Figure 5.. Generation and Characterization of Human PSCs using 6iL

(A) Schematic of the reprogramming strategy for generating hiPSCs. (B) Representative phase-contrast image of a hiPSC clone derived from human cord blood cells at day 12 of reprogramming. Scale bar = 200 μm. (C) Representative images of hiPSC cultured under the 6iL condition at passage 25. Scale bar = 100 μm. (D) IF analysis confirming expression of the naive pluripotency markers NANOG and OCT4 in 6iL-hiPSCs. HOECHST (blue) marks nuclei. Scale bars = 50 μm. (E) Representative IF images of EB outgrowths derived from 6iL-hiPSCs, showing expression of lineage-specific markers: TUJ1 (ectoderm, green), FOXA2 (endoderm, red), and cTNT (mesoderm, red).
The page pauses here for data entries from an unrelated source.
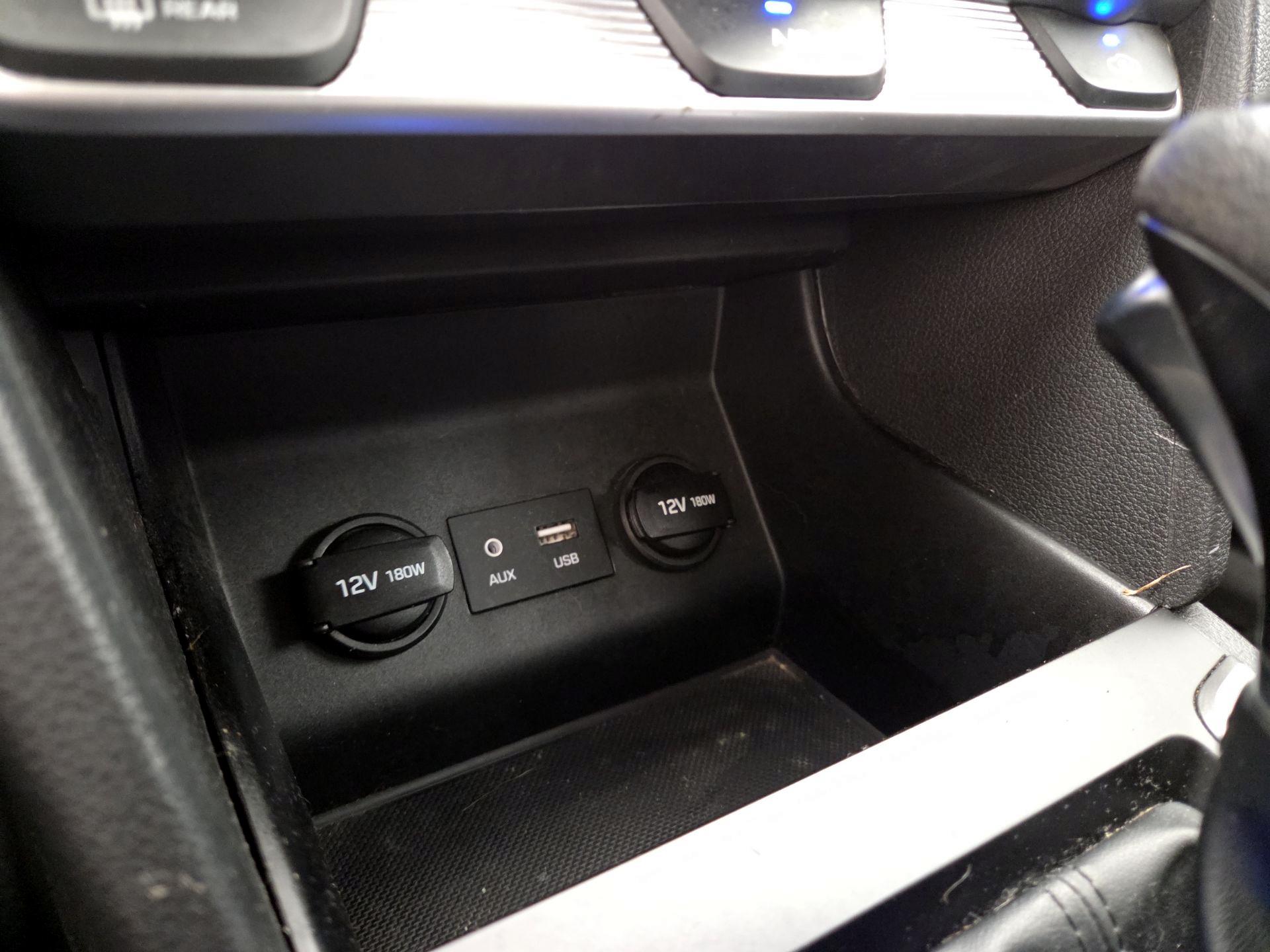 Thumbnail: 2019 Hyundai Elantra - 17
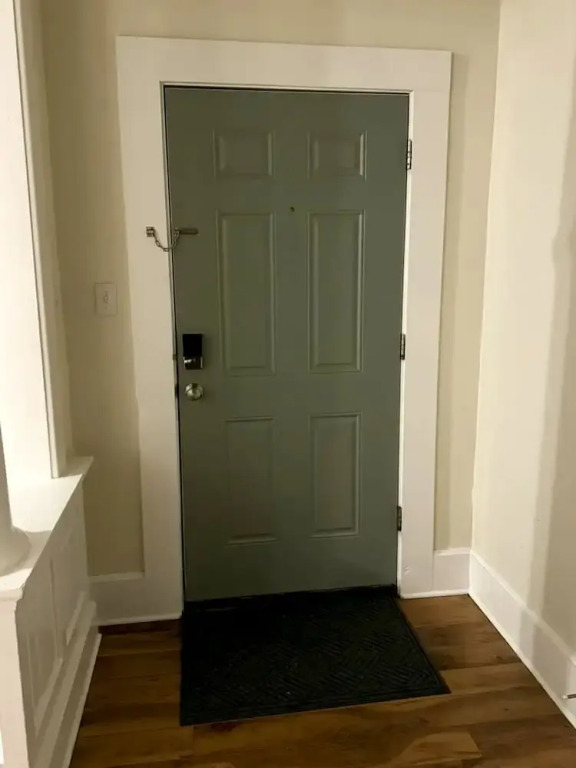 Downtown 1BR Stay Walk to Cafes Parks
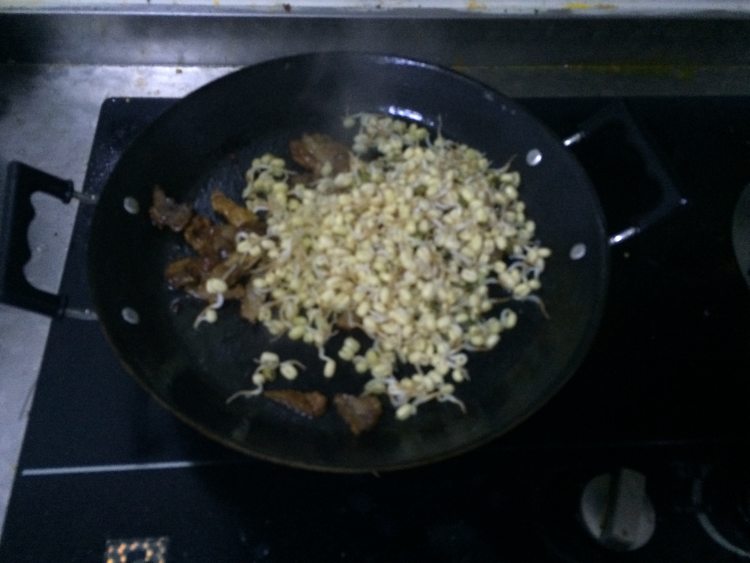 醋溜豆芽步骤7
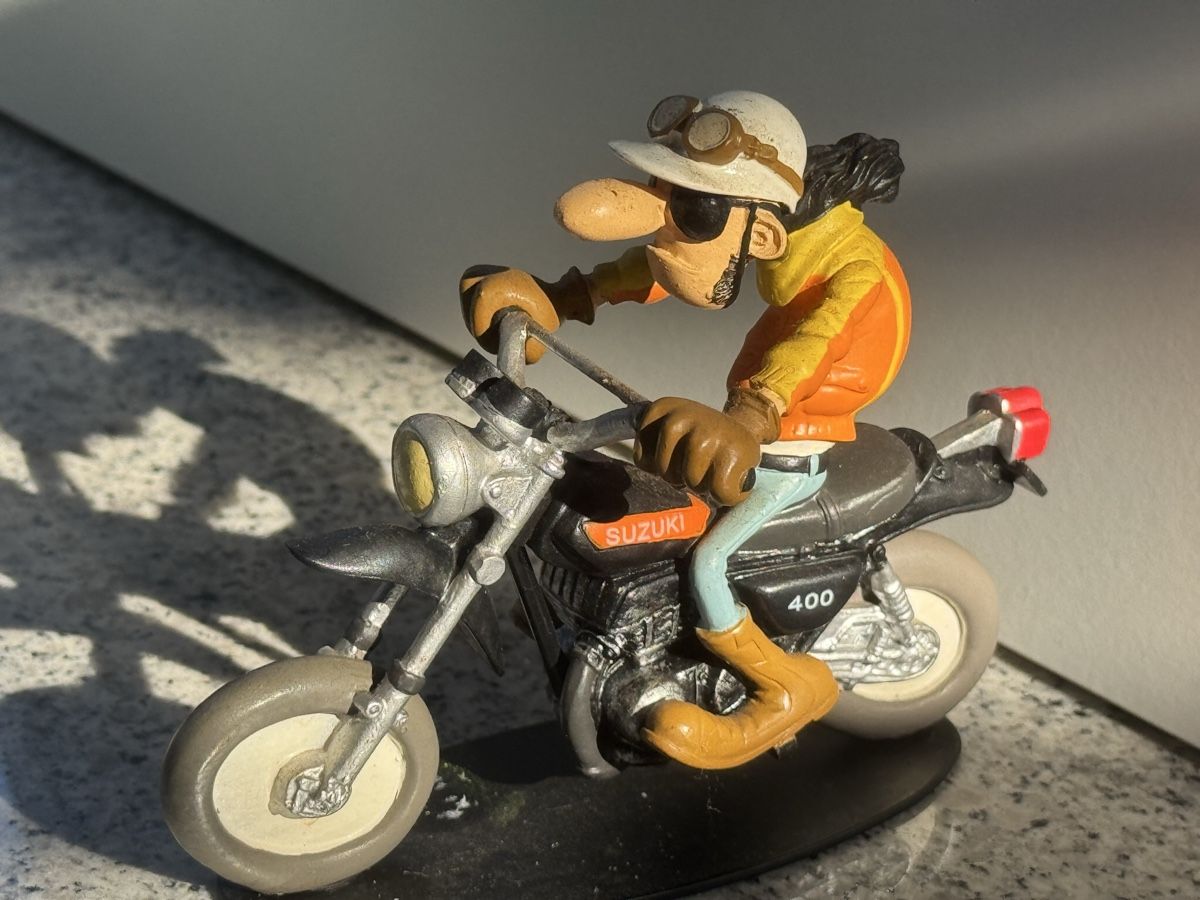Kit di modellismo & Modellini statici: Suzuki 400 Apache Joe Bar Team, ca 1:18 – Usato da Magden venduto da Ireg59 1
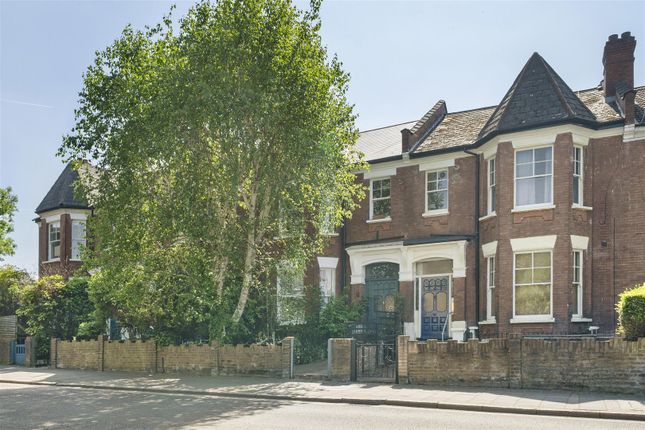 Manor Road, Stoke Newington, N16 2 bed flat for sale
Scale bars = 200 μm. (F) A PCA plot of RNA-seq data from 6iL-hiPSC and hESC cell lines established under different representative hESC culture conditions. (G) IF analysis of PGC-LCs differentiated from 6iL-hiPSCs, showing expression of PGC-specific proteins TFAP2C (red), PRDM1 (green), and HOECHST (blue) marks nuclei. Scale bars = 50 μm. (H) qRT-PCR analysis of PGC marker gene expression on days 0 and 3 of PGC-LCs differentiated from 6iL-hiPSCs. Data are presented as mean ± SEM. *p < 0.05, **p < 0.01. (I) Cell morphology of hiPSCs cultured under 6iL conditions; their morphology after transitioning to mTeSR conditions; and the morphology of cells cultured for 7 passages in mTeSR conditions and subsequently reverted to 6iL+Go/feeder conditions. Scale bars = 200 μm. (J) qRT-PCR analysis comparing the expression of pluripotency marker genes in hiPSCs cultured under 6iL conditions, cells transitioned to mTeSR conditions, and the 6269 hiPSC cell line cultured in mTeSR conditions. Data are presented as mean ± SEM. *p < 0.05, **p <0.01, ***p<0.001. (K) Schematic of the ΔPE-Oct4-GFP reset system in WIBR3 hESCs. Cells were transfected with ΔPE-Oct4-GFP and subjected to a DOX-inducible Klf2/Nanog system to induce a naive state. After DOX withdrawal, cells were cultured under 6iL or t2iL Go conditions. (L) Representative FL images of ΔPE-Oct4-GFP+ WIBR3 hESCs with a DOX-inducible Klf2/Nanog system. After DOX withdrawal, the cell morphology was observed under 6iL and t2iL Go conditions at passages 1, 3, and 8. Scale bars = 100 μm.